[Items listed in a dataset]
<<<<
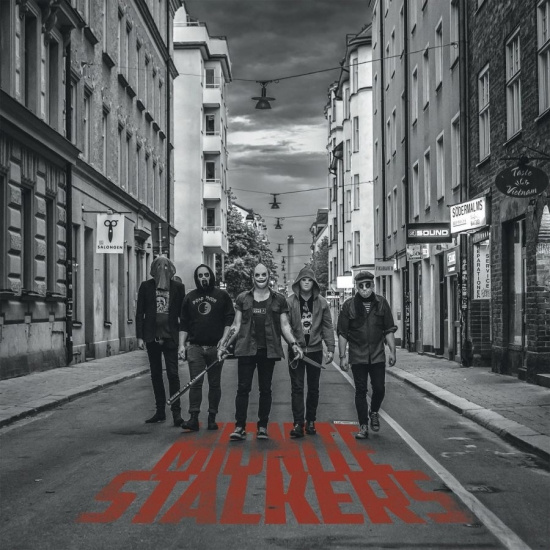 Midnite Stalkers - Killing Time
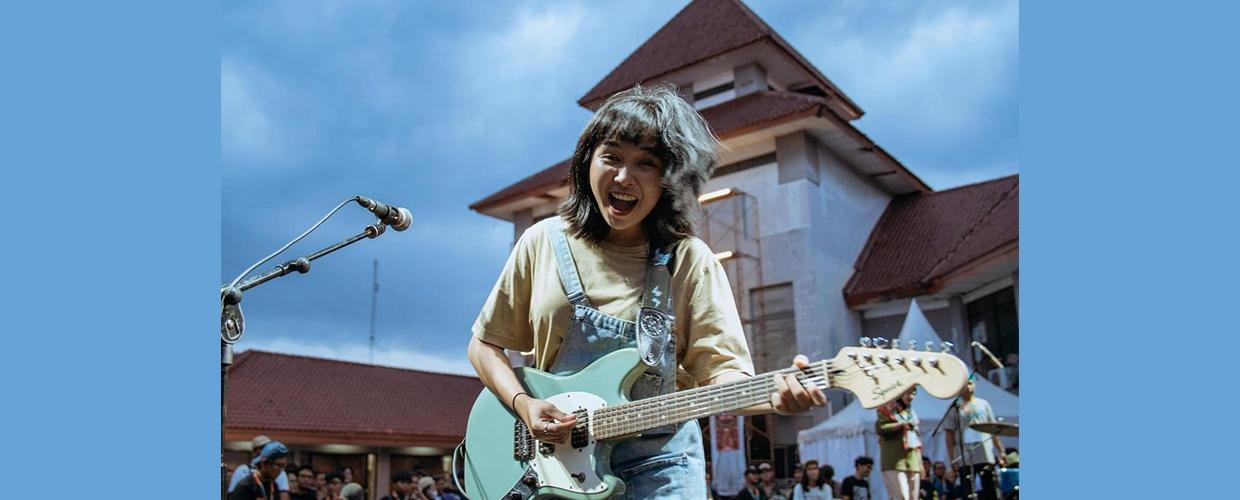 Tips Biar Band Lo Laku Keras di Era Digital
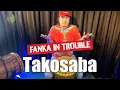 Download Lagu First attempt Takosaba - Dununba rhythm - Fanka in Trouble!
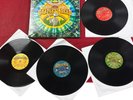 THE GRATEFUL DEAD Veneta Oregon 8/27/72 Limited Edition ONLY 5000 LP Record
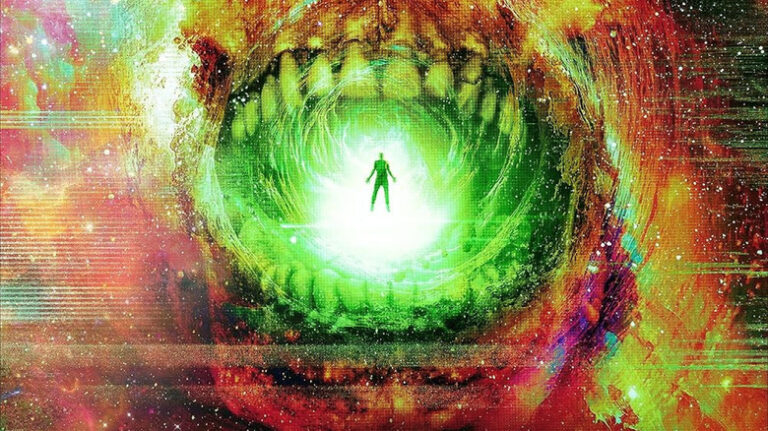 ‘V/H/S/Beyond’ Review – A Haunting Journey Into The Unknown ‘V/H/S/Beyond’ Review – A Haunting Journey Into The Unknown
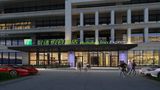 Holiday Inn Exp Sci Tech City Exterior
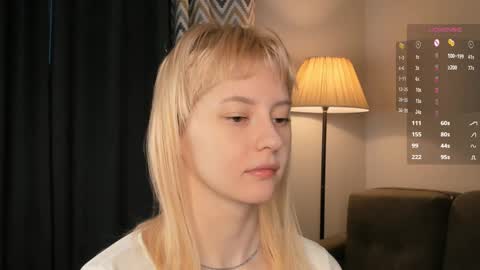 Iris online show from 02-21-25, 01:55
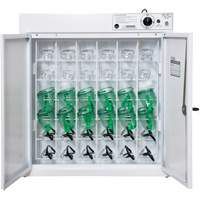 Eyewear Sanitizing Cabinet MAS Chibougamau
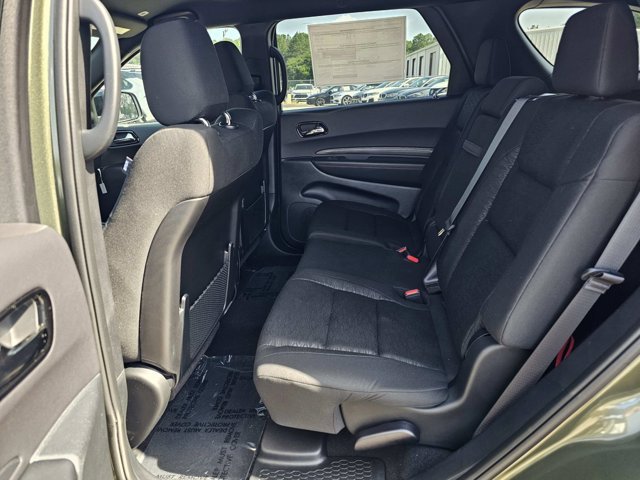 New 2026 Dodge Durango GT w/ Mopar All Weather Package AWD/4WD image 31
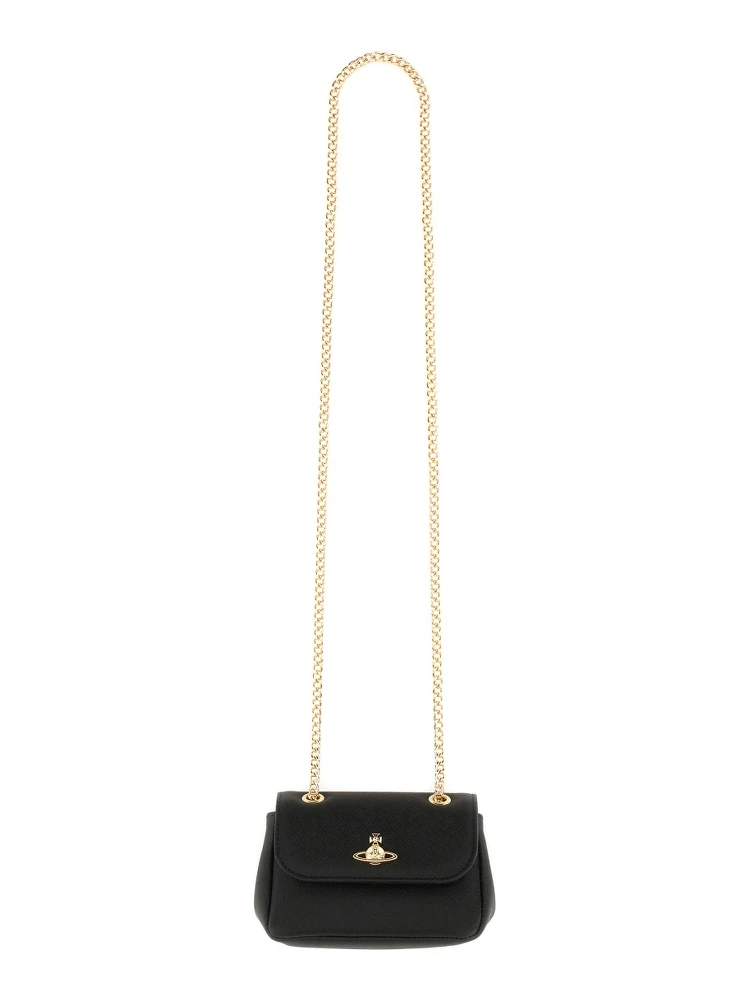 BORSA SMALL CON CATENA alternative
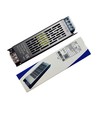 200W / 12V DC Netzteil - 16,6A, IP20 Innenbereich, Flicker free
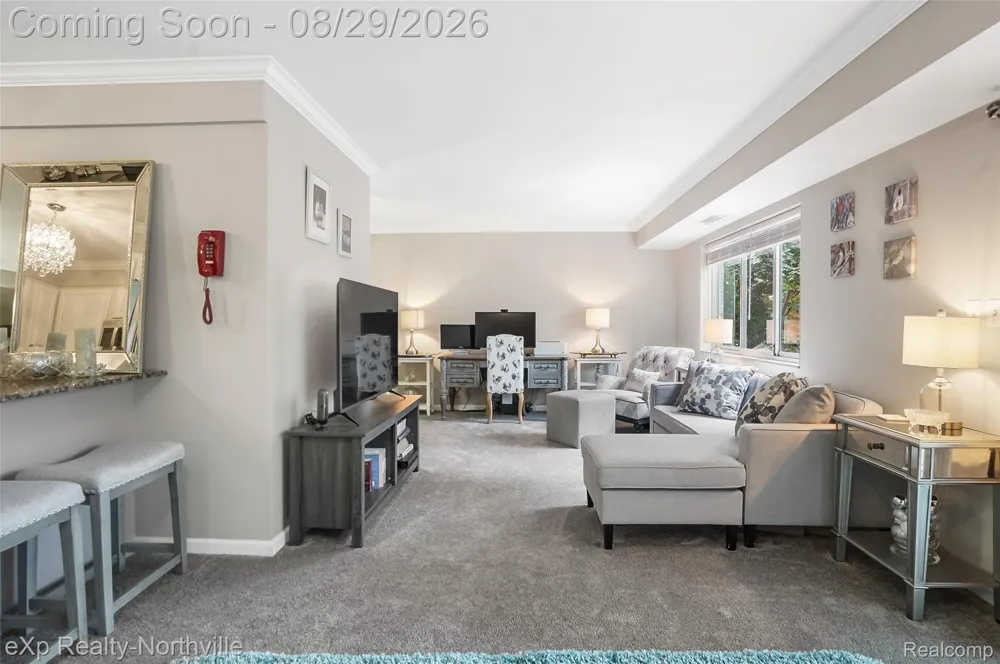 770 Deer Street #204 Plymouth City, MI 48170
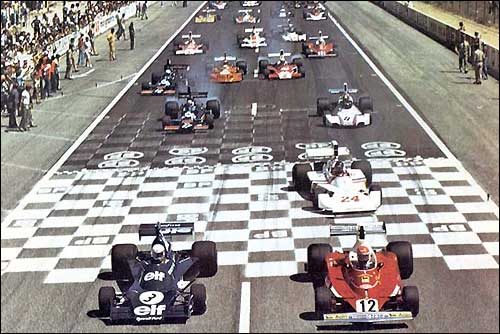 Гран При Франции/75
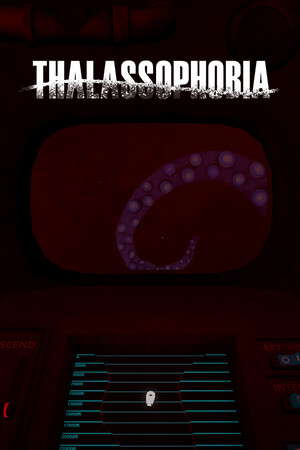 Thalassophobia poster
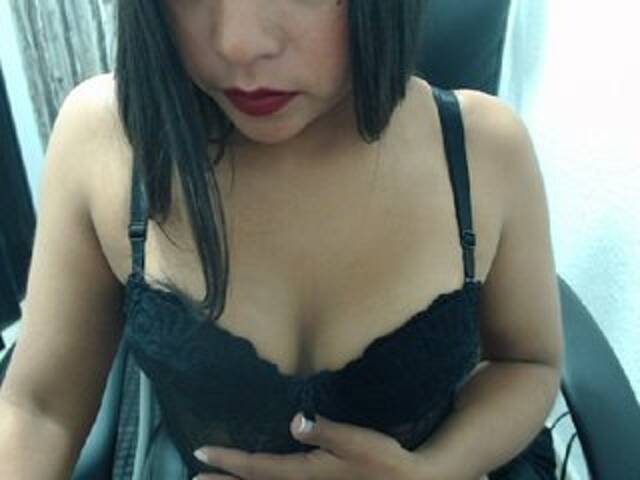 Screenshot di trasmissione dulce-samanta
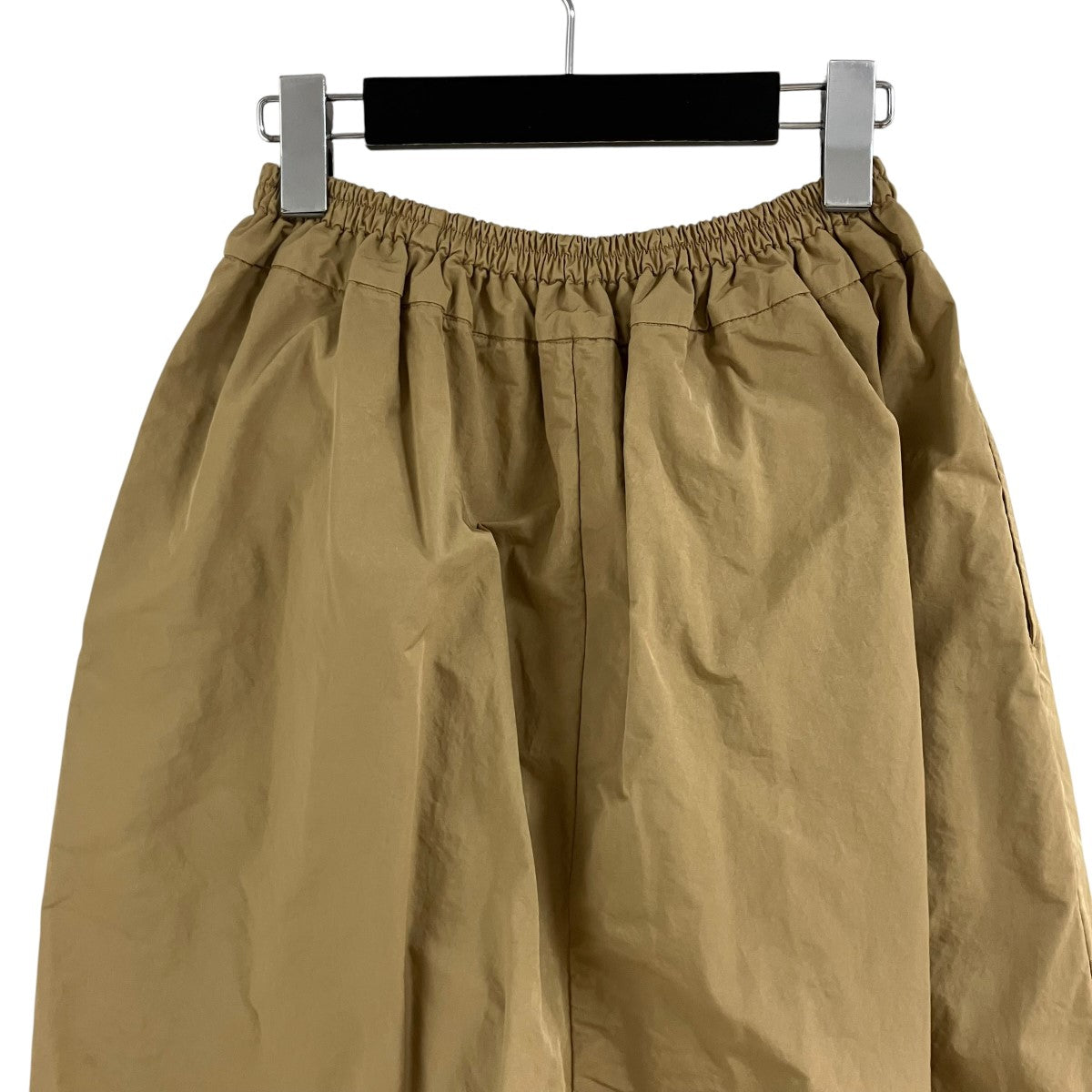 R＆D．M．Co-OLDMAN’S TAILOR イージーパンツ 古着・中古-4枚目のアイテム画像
>>>>
**The problem:**
Transcribe each line above verbatim, with the pictures left out.

**The answer:**
 Midnite Stalkers - Killing Time
 Tips Biar Band Lo Laku Keras di Era Digital
 Download Lagu First attempt Takosaba - Dununba rhythm - Fanka in Trouble!
 THE GRATEFUL DEAD Veneta Oregon 8/27/72 Limited Edition ONLY 5000 LP Record
 ‘V/H/S/Beyond’ Review – A Haunting Journey Into The Unknown ‘V/H/S/Beyond’ Review – A Haunting Journey Into The Unknown
 Holiday Inn Exp Sci Tech City Exterior
 Iris online show from 02-21-25, 01:55
 Eyewear Sanitizing Cabinet MAS Chibougamau
 New 2026 Dodge Durango GT w/ Mopar All Weather Package AWD/4WD image 31
 BORSA SMALL CON CATENA alternative
 200W / 12V DC Netzteil - 16,6A, IP20 Innenbereich, Flicker free
 770 Deer Street #204 Plymouth City, MI 48170
 Гран При Франции/75
 Thalassophobia poster
 Screenshot di trasmissione dulce-samanta
 R＆D．M．Co-OLDMAN’S TAILOR イージーパンツ 古着・中古-4枚目のアイテム画像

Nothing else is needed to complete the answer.